Política

O RECUO ESTRATÉGICO DO M23 …

O M23, sigla que decorre do facto de tal movimento rebelde ter iniciado o seu motim a 23 de Março do ano em curso, constituído apenas por qualquer coisa como 1.500 homens está 

efectivamente a causar “dores de cabeça”, há sensivelmente nove meses, não só ao presidente Joseph Kabila e seu governo como também aos líderes da África Austral, bem assim de outros actores relevantes com interesse em ver restabelecido o ambiente de concórdia naquele Estado membro da SADC.

É assim que apesar do recente recuo das tropas rebeldes do M23, para cerca de 20 quilómetros para além do centro da cidade de Goma, os líderes da SADC continuam empenhados na busca de uma solução definitiva para este imbróglio embora o “recuo estratégico” dos rebeldes esteja já a ser encarado no seio desta organização regional com alguns laivos de satisfação e como sinal de que a “qualquer momento” a paz pode voltar a reinar no leste da RDC.

“Ao nível da SADC, acredita-se que a retirada em si (ou afastamento) dos rebeldes do M23 pode significar o principio do fim de um longo e sinuoso processo rumo a almejada pacificação e restauração da tranquilidade e ordem  na República Democrática do Congo (RDC). Mas isso não é tudo. As partes têm que se reconhecer mutuamente para poderem sentar e dialogar franca e abertamente em torno deste conflito que esconde contornos e causas muito mais profundas e complexas das que até aqui se ventilam publicamente”, disse ao nosso jornal fonte diplomática.

A nossa fonte fez notar que o M23 não obstante ter aceite recuar para um raio de 20 quilómetros da cidade de Goma faz parte do grupo tripartido que assegura a protecção do Aeroporto local, o qual para além de elementos do exército governamental, integra ainda uma força neutral. Isto equivale dizer que se está a reconhecer o M23. 

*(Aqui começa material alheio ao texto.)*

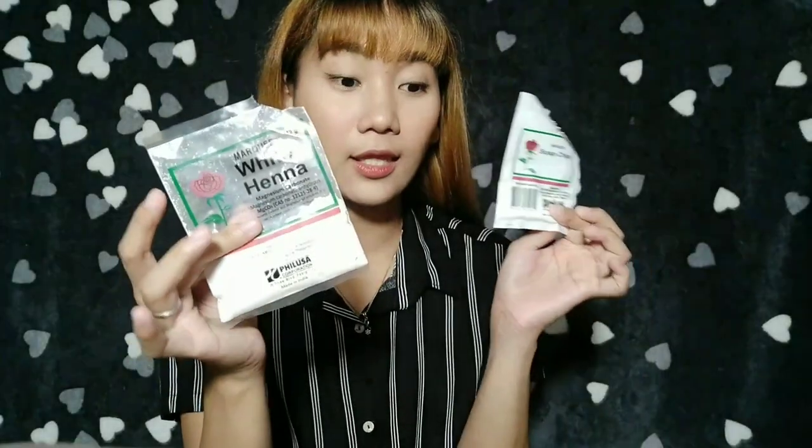Before I forget, I won't be using all of these products — I'll only use what I need. These two always go together. If you want to bleach your whole body, you'd use more, but for this demo I'm only doing it on my arm. I'll compare the color of the treated arm with the untreated one later.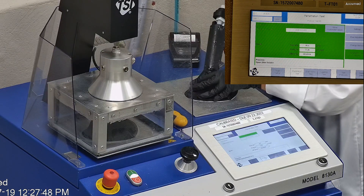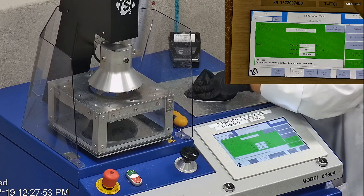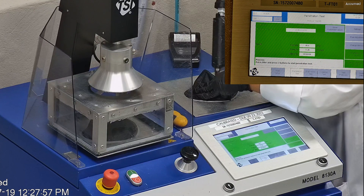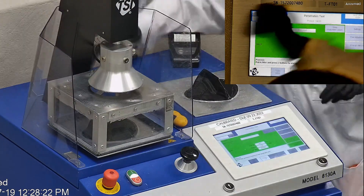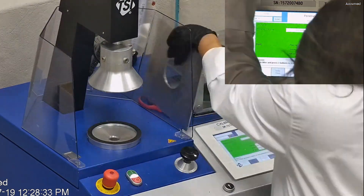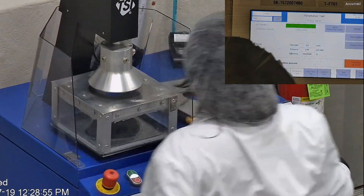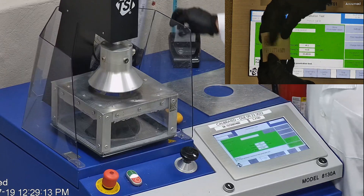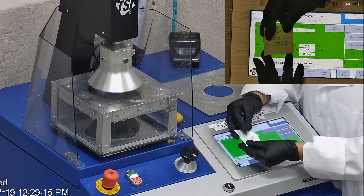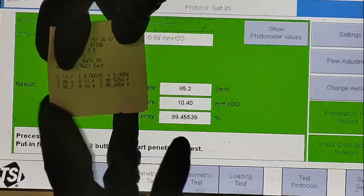The first sample had a filtration percentage of 99.52 with a pressure drop of 11.4 millimeters of water. The second sample had a filtration percentage of 99.46 and a pressure drop of 10.4 millimeters of water.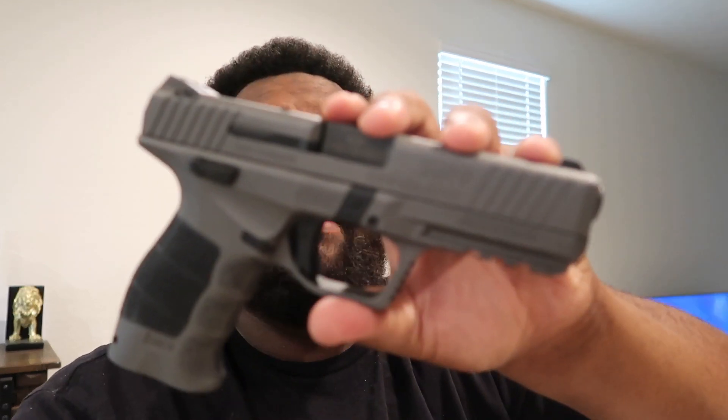I'll take it out to go shooting and put some rounds through it and let you guys know what I think about it. But like I said, this is a SAR 9 - guys have a good day.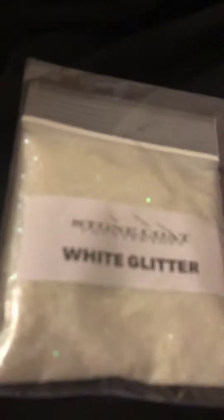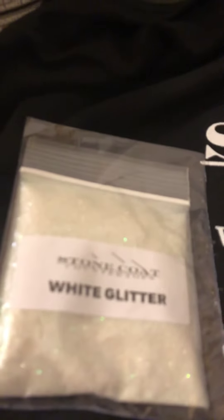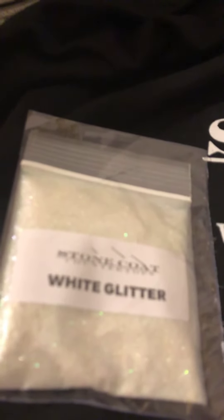This is the white glitter. Makes different effects with the white, purple, the black.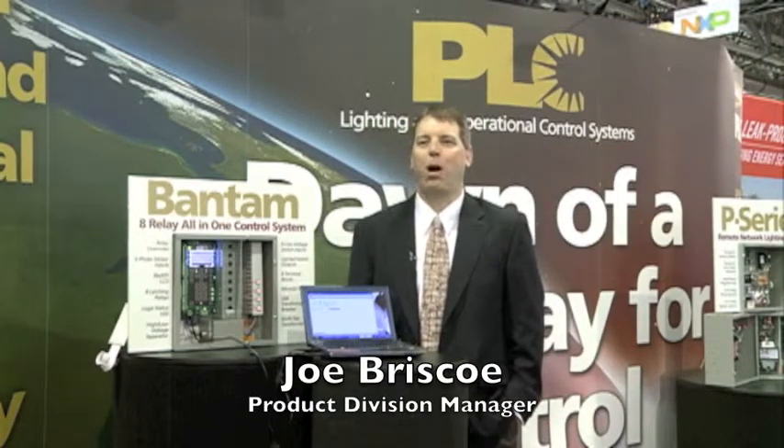Hi, this is Joe Briscoe from PLC Multipoint. I'm the product division manager for our divisions of PLC buildings and sensors. Today I'm going to talk to you about the Bantam product that we have here. It's a small panel that's filled with big features.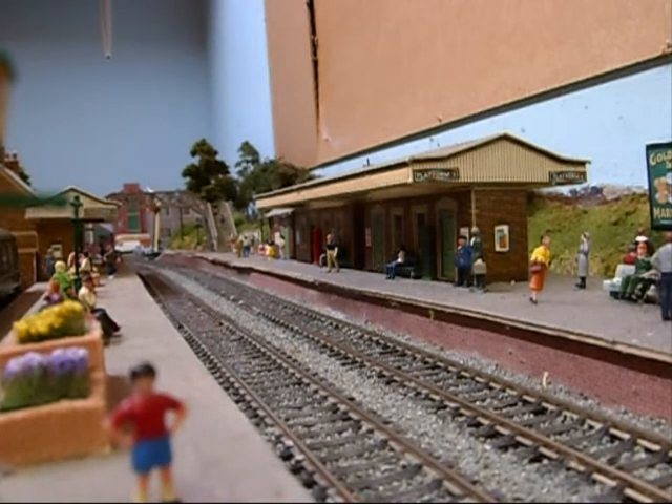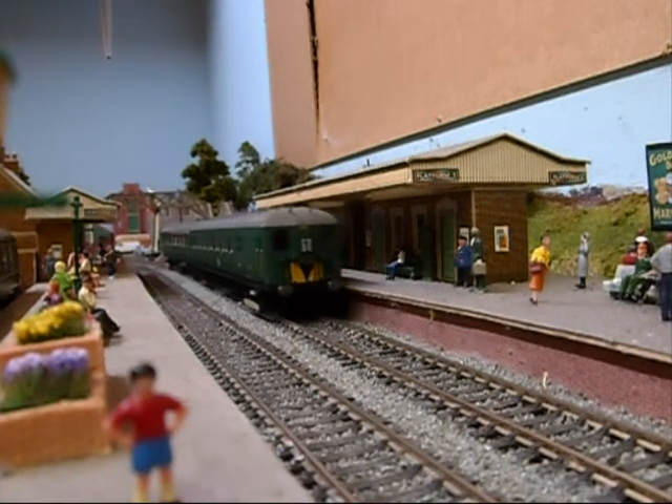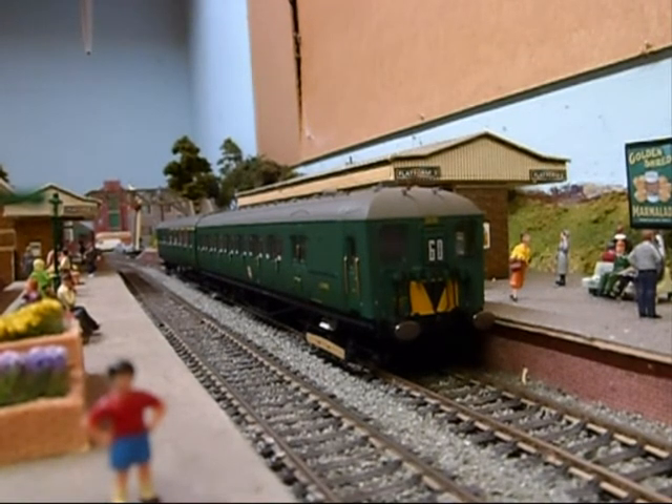First of all I've got a new train, which I'll bring in now — I can hear it coming in. Say hello to the 2HAL class 402 EMU. I bought it last week and it's a splendid model; the detail is absolutely gorgeous. This is the first time I've run it on the layout and I've just done some running sessions with it along with the 2 BIL, and everything seemed to be very good, very good indeed.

Aliás, o Secretário Executivo da SADC, Tomaz Salomão, alinha mais ou menos pelo mesmo diapasão, pois considera que os novos desenvolvimentos na região dos Grandes Lagos resultam de uma conjugação de esforços de múltiplos actores a nível da SADC, cuja presidência rotativa foi assumida este ano por Moçambique, e que visam buscar uma solução pacífica para a crise político-militar que se vive na RDC e que já levou à morte e ferimento de centenas de pessoas incluindo civis inocentes. 

Salomão destacou o envolvimento e as demarches efectuadas pela União Africana (UA), pela SADC, pela Conferência Internacional sobre a Região dos Grandes Lagos (CIRGL), as quais culminaram recentemente com o início das negociações em Kampala, no Uganda, com vista a se pôr termo ao conflito no leste da RDC. Para esta Cimeira de Dar-Es-Salam, foi convidado o presidente da CIRGL, Yoweri Museveri, que esteve em consultas sobre a situação. 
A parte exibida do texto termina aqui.